Come una cazzata, gli ho detto, quale cazzata, e lui, comincia a parlarmi del mio blog, che anche se negli ultimi tempi ci son post magari meno brillanti del solito, comunque, lui dice che è un bel blog e vien sempre a vedermi, veder cosa ho scritto, io ringrazio, e lui mi dice però che sta cosa del primo aprile che se uno apriva il mio blog finiva su un altro era una cazzata.
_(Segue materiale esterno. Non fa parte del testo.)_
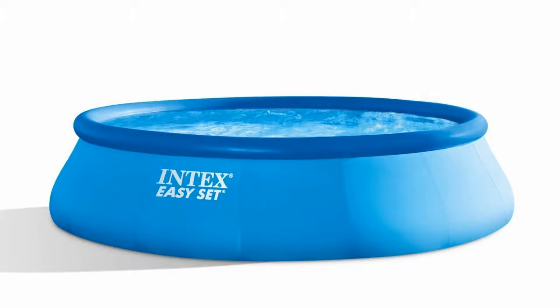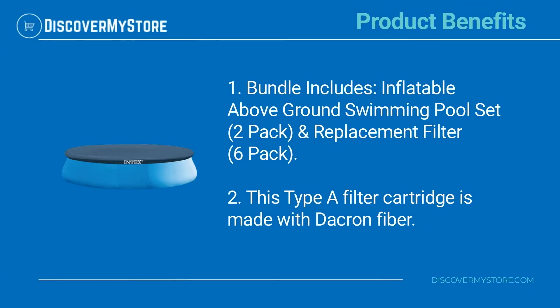Keep your pool performing at its best by investing in Intec's Pool EZ-Set type A replacement filter cartridges. The bundle includes an Inflatable Above-Ground Swimming Pool Set 2-Pack and Replacement Filter 6-Pack. This type A filter cartridge is made with Dacron fiber.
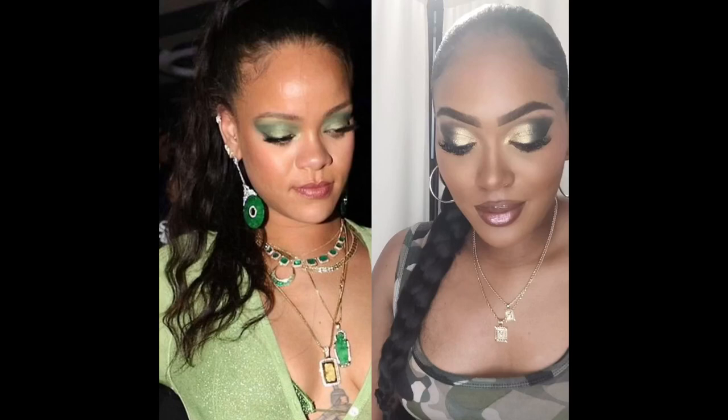Hello Transformation! In today's video I'm going to show you guys the Rihanna Inspired Green and Gold Eyeshadow Tutorial. I will show you how to achieve this bold, vibrant eyeshadow that Rihanna is known for, perfect for any occasion where you want to stand out and shine.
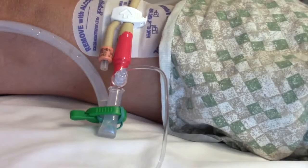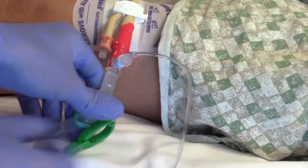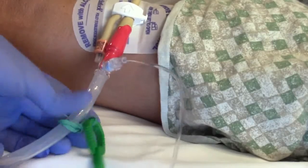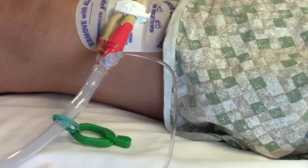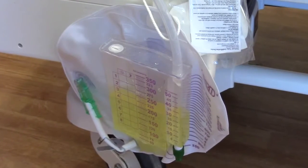At end expiration, mark the pressure reading on the monitor. After you've taken measurements, unclamp the urinary catheter tubing to allow drainage to continue. You may leave the transducer setup connected to the catheter if serial measurements are ordered, and remember to subtract 25 milliliters from the patient's urine output.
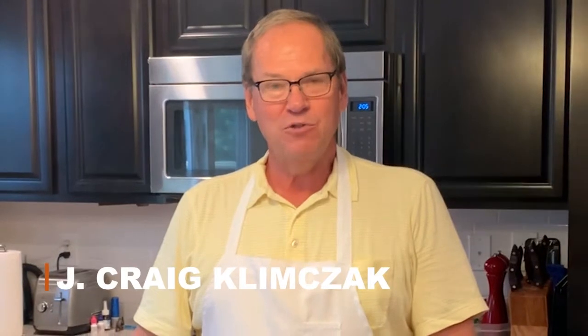Welcome friends to episode 2 of MaxQ BBQ. My name is Craig and today we're going to share a family recipe for some pretzel buns. Since we love barbecue and make a lot of barbecue in our backyard, one of the things that we like to have is barbecue sandwiches. And what would we most like to eat those barbecue sandwiches on? Freshly baked pretzel buns. So in today's episode we're going to show you how we make our pretzel buns.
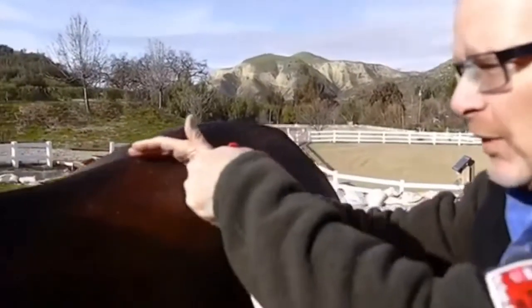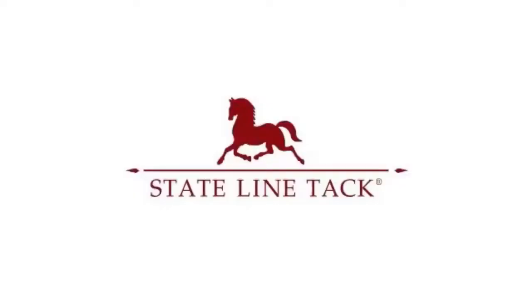If you have a stiff or achy horse, test out All Natural Release Muscle Wash today.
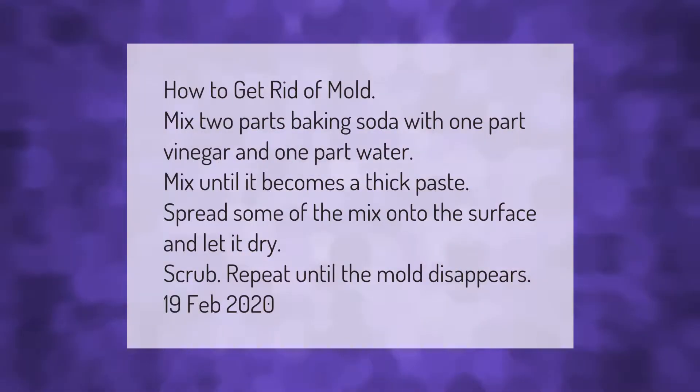How to get rid of mold: mix two parts baking soda with one part vinegar and one part water. Mix until it becomes a thick paste. Spread some of the mix onto the surface and let it dry, then scrub. Repeat until the mold disappears.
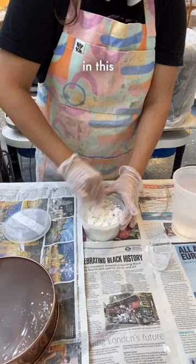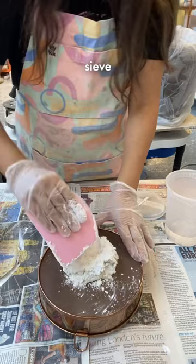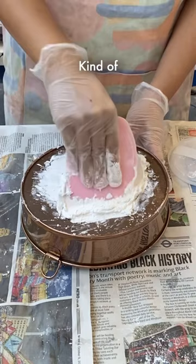Then we're going to take an 80 mesh sieve. The glaze should look something kind of like dough that's freshly mixed, and then we'll just run it through the sieve. It kind of looks like ricotta cheese, or fresh whipped cream. Once it's all through the sieve, it should look something like that.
Ma era uno scherzo, dicevo al mio amico incontrato per caso che ha cominciato a parlarmi del giochino del primo aprile, e lui mi dice che sarà anche stato uno scherzo, ma poi uno perde credibilità, diventa una cosa controproducente, e poi mi dice, il mio amico, guarda, mi dice, io son uno che non si impressiona, sai bene che sono un uomo di mondo, ma io, domenica mattina, mi son alzato, mi son lavato, e dopo colazione son venuto sul tuo sito e cosa è successo? mi si è aperta un’altra roba che si chiama (qua è passata la polizia, con le sirene, e non ho mica capito quale blog ha menzionato, eh)(tanto non ve lo dico, è inutile che chiedete).

Sappilo, mi dice il mio amico prima di salutarmi, ché doveva entrare in un negozio di piccoli animali e io invece dovevo proseguir diritto, Sappilo, che adesso io son tuo amico, e va bene, mi dice, ma ci sarebbe da tenerti il broncio per degli anni, farmi finir su dei siti così.